In S22, the controller 600 stores the measured values in a memory 670.

In S24, the controller 600 determines whether both left and right eyes have been examined. When the right eye has only been examined, in S26 the controller 600 moves the head section 50 to a left eye side, and similarly to the right eye, the corneal thickness D of the left eye is measured in S14 to S22 and the measured value is stored in the memory 670.

Upon completion of the measurement of both the right and left eyes, the measurement ends.

It should be noted that in the present embodiment, the examination is started with the right eye, however, the examination may be started with the left eye, or only one eye may be examined.
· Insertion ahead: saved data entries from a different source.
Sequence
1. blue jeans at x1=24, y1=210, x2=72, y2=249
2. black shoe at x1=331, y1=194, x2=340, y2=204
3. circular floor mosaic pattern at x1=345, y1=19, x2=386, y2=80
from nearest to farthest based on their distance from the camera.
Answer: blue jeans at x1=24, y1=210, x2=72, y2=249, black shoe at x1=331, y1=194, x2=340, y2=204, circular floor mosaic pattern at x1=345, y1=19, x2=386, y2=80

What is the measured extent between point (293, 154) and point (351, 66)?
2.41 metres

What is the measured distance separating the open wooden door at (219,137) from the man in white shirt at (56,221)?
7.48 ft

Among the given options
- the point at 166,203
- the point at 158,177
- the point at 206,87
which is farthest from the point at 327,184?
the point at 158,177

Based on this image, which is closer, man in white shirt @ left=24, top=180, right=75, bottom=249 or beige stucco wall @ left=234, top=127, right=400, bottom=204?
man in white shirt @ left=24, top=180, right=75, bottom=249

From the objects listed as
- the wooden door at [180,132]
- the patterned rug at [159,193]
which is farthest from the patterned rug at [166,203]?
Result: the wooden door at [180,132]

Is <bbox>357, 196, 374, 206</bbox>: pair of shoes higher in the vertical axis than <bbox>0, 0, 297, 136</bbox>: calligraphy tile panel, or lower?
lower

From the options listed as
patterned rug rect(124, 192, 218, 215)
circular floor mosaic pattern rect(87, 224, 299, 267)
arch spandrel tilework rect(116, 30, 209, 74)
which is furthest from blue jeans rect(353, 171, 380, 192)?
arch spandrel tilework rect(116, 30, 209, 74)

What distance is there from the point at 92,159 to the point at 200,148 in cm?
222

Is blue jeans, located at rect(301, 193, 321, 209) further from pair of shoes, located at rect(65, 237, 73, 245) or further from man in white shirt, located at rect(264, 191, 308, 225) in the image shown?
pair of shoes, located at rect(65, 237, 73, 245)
While specific examples of the present disclosure have been described above in detail, these examples are merely illustrative and specific descriptions place no limitation on the scope of the present disclosure. It should be understood that the present disclosure may include various changes which do not depart from the spirit and scope of the present disclosure.
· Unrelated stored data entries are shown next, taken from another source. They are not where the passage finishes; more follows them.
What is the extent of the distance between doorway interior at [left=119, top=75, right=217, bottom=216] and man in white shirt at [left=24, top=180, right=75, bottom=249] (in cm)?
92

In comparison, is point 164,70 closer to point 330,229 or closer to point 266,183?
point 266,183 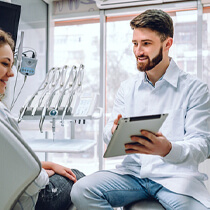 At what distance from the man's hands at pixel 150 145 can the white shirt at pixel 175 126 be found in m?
0.05

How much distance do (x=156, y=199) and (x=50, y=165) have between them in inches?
20.3

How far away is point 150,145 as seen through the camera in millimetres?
956

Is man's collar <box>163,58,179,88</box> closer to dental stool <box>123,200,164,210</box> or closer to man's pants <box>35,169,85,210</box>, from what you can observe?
dental stool <box>123,200,164,210</box>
For example, in S20 of FIG. 3, although the positions at which the light amount takes the peak value in the data obtained by the one-dimensional light receiving element or the positions at which the luminance of the image data obtained by the two-dimensional light receiving element takes the local maximum value are used as the indications for the reflected lights from the corneal anterior surface and the corneal posterior surface to calculate the corneal thickness D, alternatively, half width midpoints may be determined as reflected lights respectively from the corneal anterior surface and the corneal posterior surface. Due to this, measurement errors can be suppressed when the data around the peak values are fluctuated due to noise or corneal abnormalities.
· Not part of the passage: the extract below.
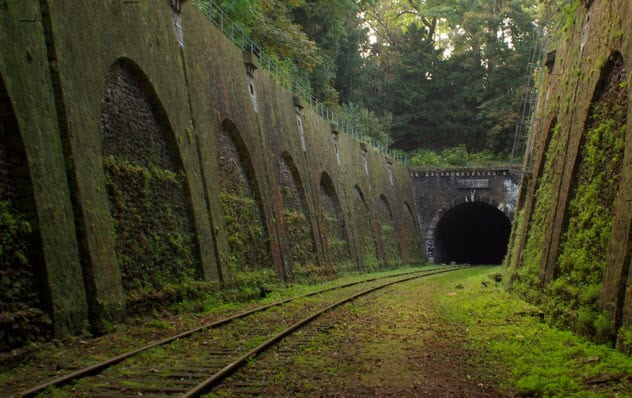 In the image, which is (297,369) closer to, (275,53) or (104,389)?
(104,389)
Further, although the present embodiment discloses the configuration that conducts tonometry, the present disclosure is not limited to this. For example, the ophthalmic device disclosed herein may be configured to conduct a corneal shape examination, and/or may be configured to conduct a corneal endothelium examination. Further, the ophthalmic device disclosed herein may not be configured to conduct the tonometry but only be configured to conduct the corneal thickness examination.

Claims

1. An ophthalmic device comprising:

an illumination optical system configured to irradiate light irradiated from a light source as parallel light to a subject's eye at an oblique angle, the light source being configured to emit coherent light;

an image capturing optical system comprising a light receiving element and configured to capture a reflected image by receiving first reflected light and second reflected light by the light receiving element, the first reflected light being reflected from an anterior surface of a cornea of the subject's eye, the second reflected light being different from the first reflected light and reflected from a posterior surface of the cornea of the subject's eye; and

a controller configured to calculate a thickness of the cornea by using the reflected image captured by the image capturing optical system.

2. The ophthalmic device as in claim 1, wherein

the light irradiated from the light source has high spatial coherence.

3. The ophthalmic device as in claim 1, wherein

the light source is a Super Luminescent Diode (SLD).

4. The ophthalmic device as in claim 1, wherein

the image capturing optical system comprises a speckle noise reducer configured to reduce speckle noise of the reflected image.

5. The ophthalmic device as in claim 1, wherein

the light receiving element is a one-dimensional light receiving element.

6. The ophthalmic device as in claim 1, wherein

the light receiving element is a two-dimensional light receiving element.